Activity: Each line in the material below, starting at the one that contains "The Ogre Who Wasn't - Picturebook." and ending at the one that contains "PETER PAN (CATALA)", should be repeated exactly; the pictures should not.

____ Data shown

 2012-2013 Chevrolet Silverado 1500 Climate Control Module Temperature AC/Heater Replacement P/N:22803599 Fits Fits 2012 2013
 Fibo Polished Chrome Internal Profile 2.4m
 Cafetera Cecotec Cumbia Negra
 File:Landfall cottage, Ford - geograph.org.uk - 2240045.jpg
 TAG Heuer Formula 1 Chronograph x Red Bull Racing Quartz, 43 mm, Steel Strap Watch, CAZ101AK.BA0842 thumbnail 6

________
____ Data shown

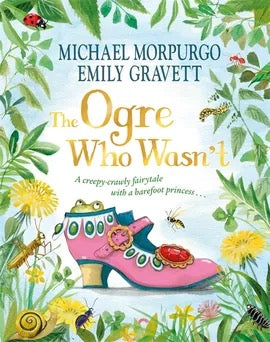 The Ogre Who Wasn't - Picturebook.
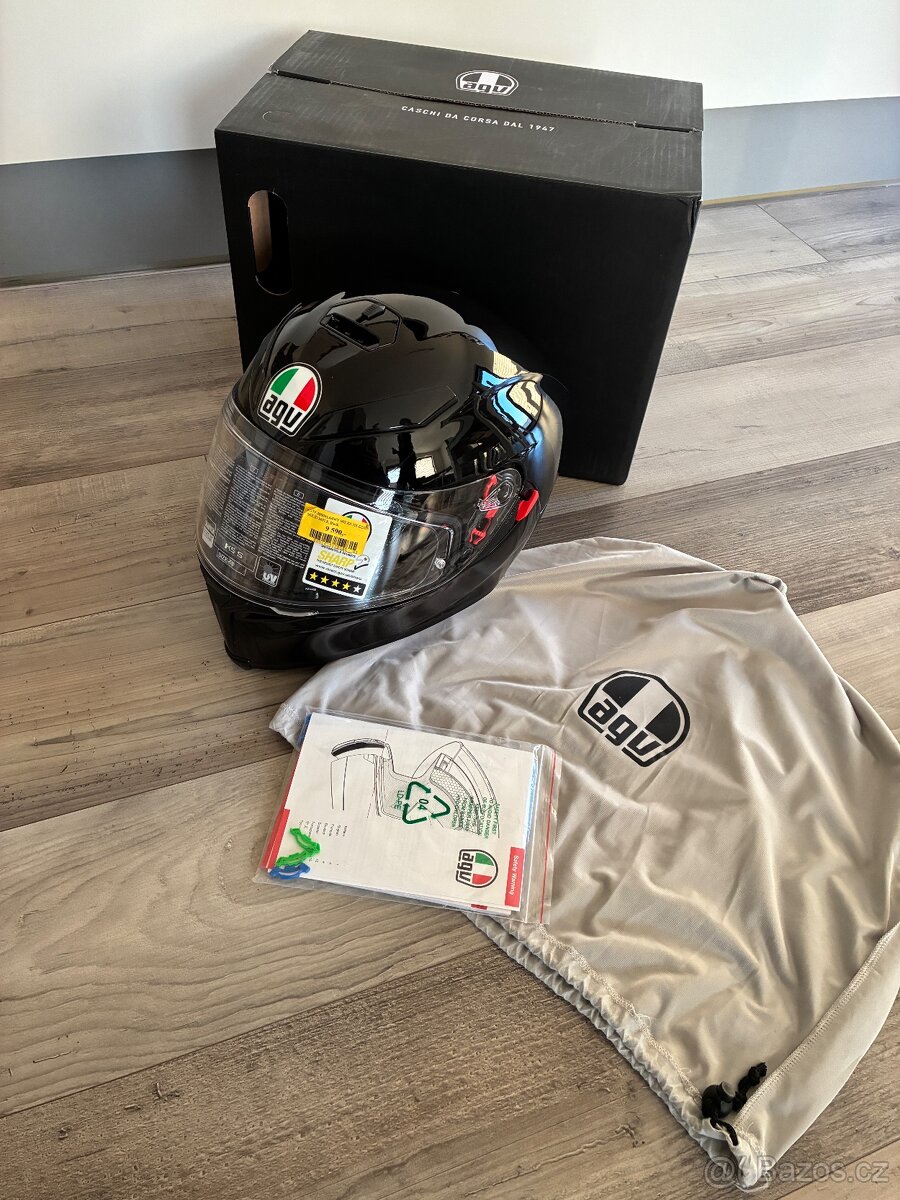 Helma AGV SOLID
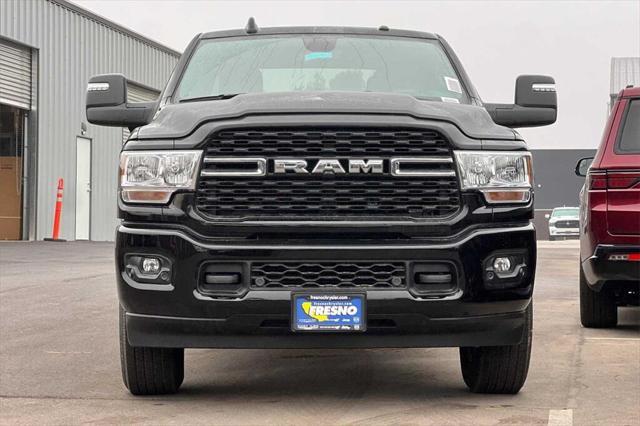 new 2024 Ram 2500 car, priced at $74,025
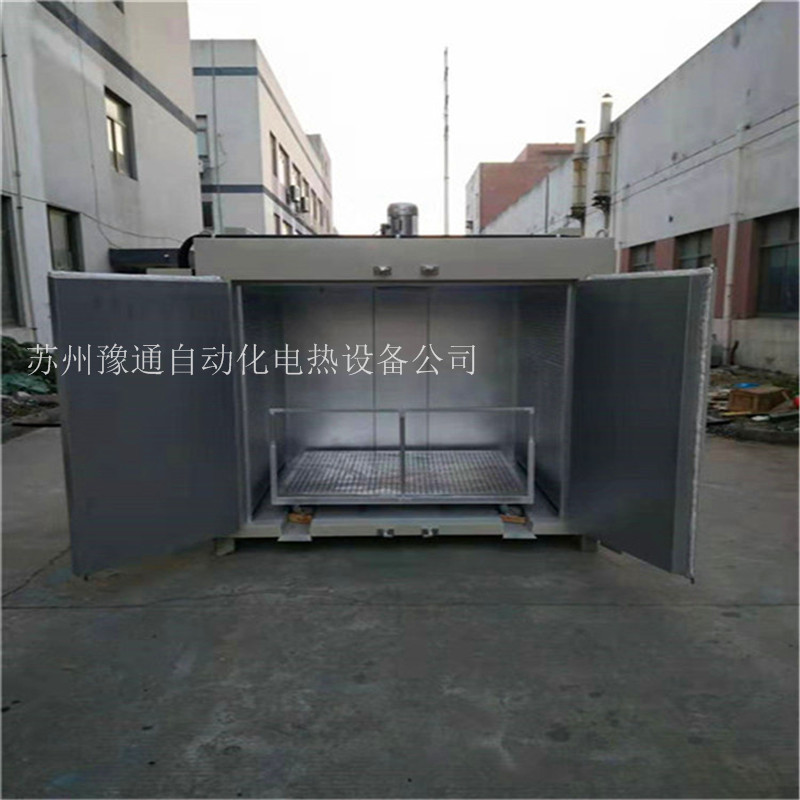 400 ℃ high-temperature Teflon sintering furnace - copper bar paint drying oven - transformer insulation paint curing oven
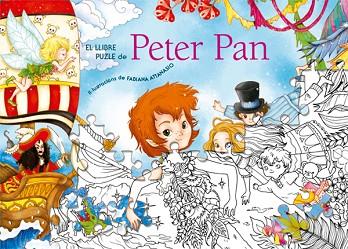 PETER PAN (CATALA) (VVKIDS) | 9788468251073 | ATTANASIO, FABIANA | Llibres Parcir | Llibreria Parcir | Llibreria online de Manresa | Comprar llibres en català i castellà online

________
____ Data shown

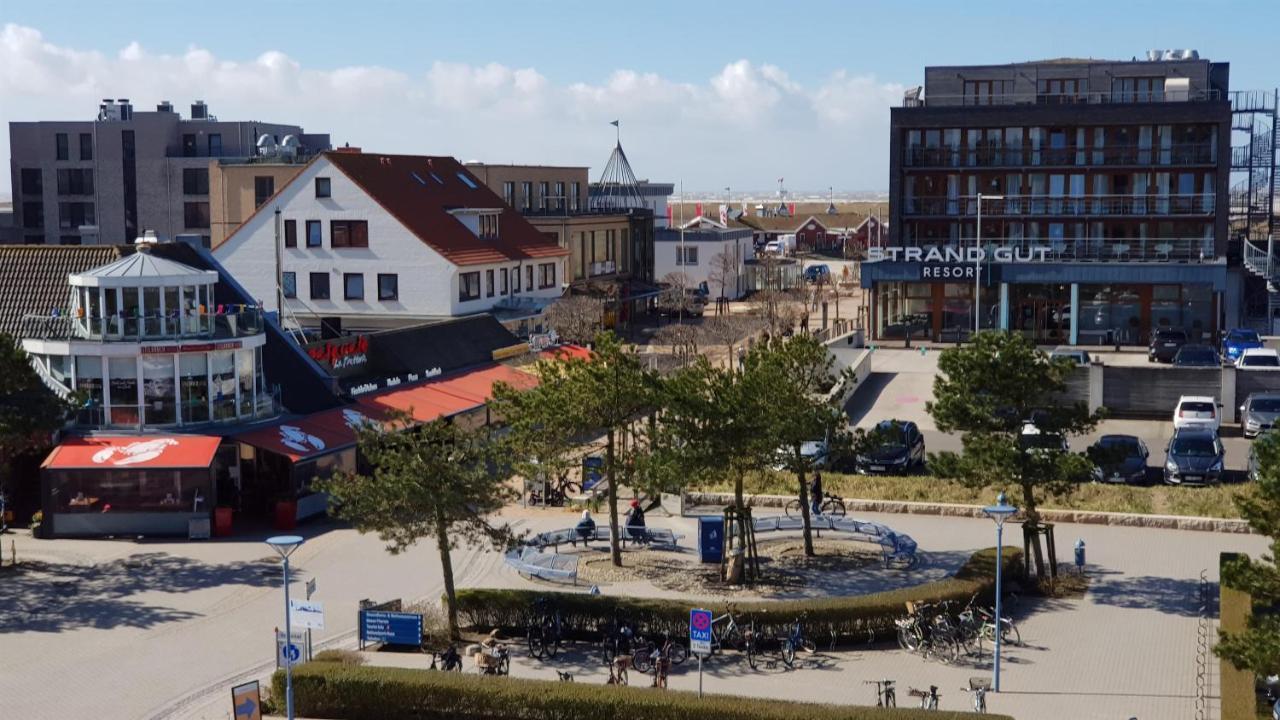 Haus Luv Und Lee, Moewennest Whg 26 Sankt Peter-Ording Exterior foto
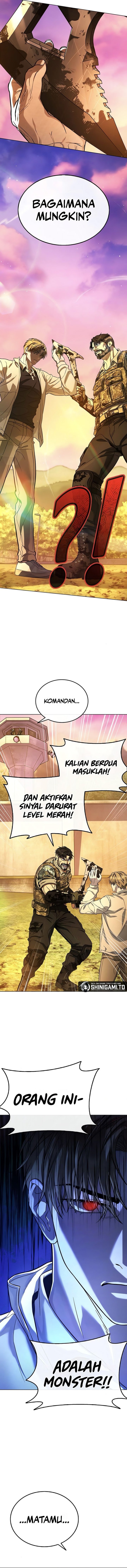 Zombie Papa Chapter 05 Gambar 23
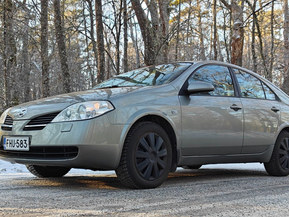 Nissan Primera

________

Completed task:
 The Ogre Who Wasn't - Picturebook.
 Helma AGV SOLID
 new 2024 Ram 2500 car, priced at $74,025
 400 ℃ high-temperature Teflon sintering furnace - copper bar paint drying oven - transformer insulation paint curing oven
 PETER PAN (CATALA) (VVKIDS) | 9788468251073 | ATTANASIO, FABIANA | Llibres Parcir | Llibreria Parcir | Llibreria online de Manresa | Comprar llibres en català i castellà online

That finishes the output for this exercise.